Abends in der Hütte angekommen, ist ausgelassene Stimmung. Unser Guide erzählt bei Kerzenschein spannende Geschichten von anderen Touren. Gar nicht so ohne, was alles passieren kann. Wir erzählen von den unterschiedlichen Charakteren unserer Hunde. Fairbanks ist mittlerweile auch den anderen aufgefallen. Nicht nur wegen seiner beachtlichen Größe, sondern weil er alle, die an ihm vorbeigehen, hündisch anlächelt und sich in den Schnee wirft, sobald jemand Streichelambitionen zeigt. Auch von Lizzy, meinem Miniorchester, haben alle schon gehört. Nach Die Hunde sind unermüdlich gelaufen, ihre Wohlfühltemperatur liegt bei -12 Grad fünf Minuten Pause kann sie nicht mehr ruhig bleiben und fordert uns lautstark auf, weiterzufahren. Sie sind alle so liebenswürdig. Trotzdem müssen wir aufpassen, dass wir den vorderen Schlitten nicht überholen. Die Teams sind so zusammengestellt, dass sie sich vertragen. Treffen aber andere Hunde aufeinander, kann es zu einem Kampf kommen. Es sind eben noch richtige Hunde.

Wertschätzen

Nach vier Tagen erreichen wir wieder die Huskyfarm. Uns bleiben jetzt noch zwei Tage, bis wir wieder nach Hause fliegen. Die Zeit nutzen wir mit ganz vielen Kuscheleinheiten im Nordpol und gehen mit den Rentnerhunden spazieren. Die Huskyfarm Äkäskero gehört zu den wenigen Farmen, die sich ihren Hunden noch verpflichtet fühlt, obwohl sie nicht mehr für die Menschen arbeiten können.
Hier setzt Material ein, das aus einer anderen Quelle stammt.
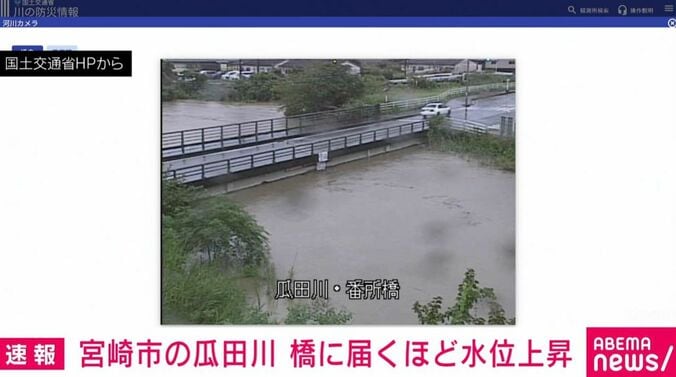 宮崎市・瓜田川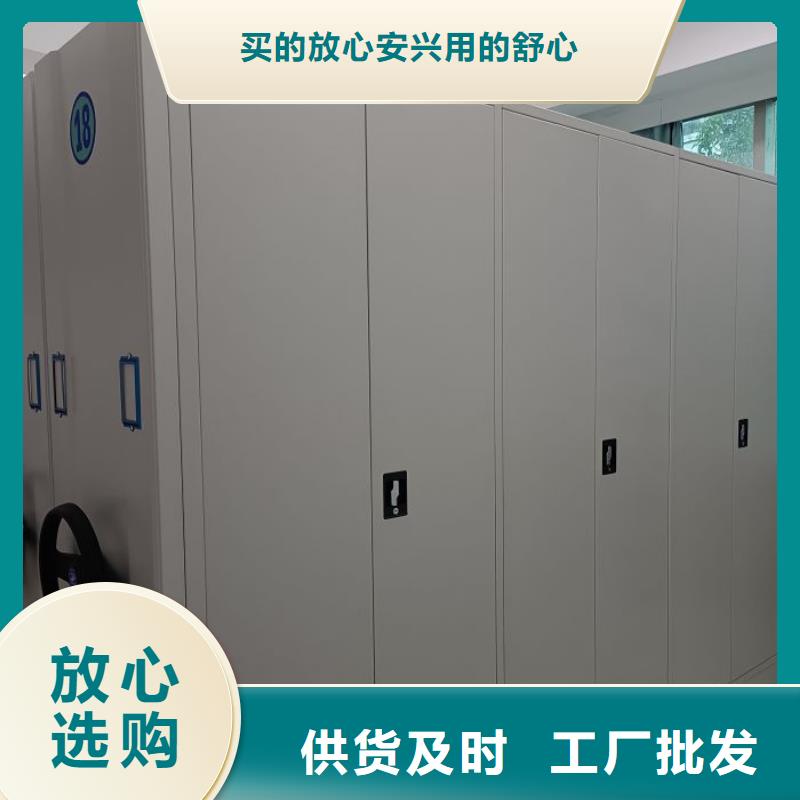 发货速度快的手动密集档案架厂家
Dabei wäre es per Gesetz sogar erlaubt, sie zu töten, sobald sie nicht mehr einsatzfähig sind. Im Äkäskero Sleddogcenter hingegen werden die Tiere auch im Alter oder bei Krankheit noch versorgt, was ziemlich kostspielig ist. Insgesamt leben hier rund 500 Hunde, 20 Prozent davon sind bereits in Rente. Viele von ihnen haben aber immer noch Spaß am Laufen und Ziehen und so machen wir einen flotten Spaziergang durch den Wald. Mit „wir“ meine ich unsere zusammengewürfelte Reisegruppe. Wir haben die gesamte Woche miteinander verbracht, an den Tagen auf der Farm und während der Reise waren wir immer zusammen und sind ein richtig gutes Team geworden. Ich bin dankbar für dieses Erlebnis. Die Tage mit den Hunden in Hütten ohne Heizung und Wasserhahn bringen einen auf den Boden der Tatsachen zurück. Man bekommt einen Eindruck vom herkömmlichen Leben in Einklang mit der Natur. Wer diese recht nachhaltige Variante des Reisens ausprobieren möchte, kann sich freuen auf einen Ort, an dem die Tiere für ihr Wesen und ihre Arbeit geschätzt werden. Die Farm nimmt viel Geld in die Hand, um ihnen ein wertvolles, langes Leben zu schenken. Während der Tour sind Fleisch und Schnee als Drink für unterwegs der einzige Treibstoff, den unsere 16-beinigen Vehikel benötigen – abgesehen natürlich von zahlreichen Streicheleinheiten.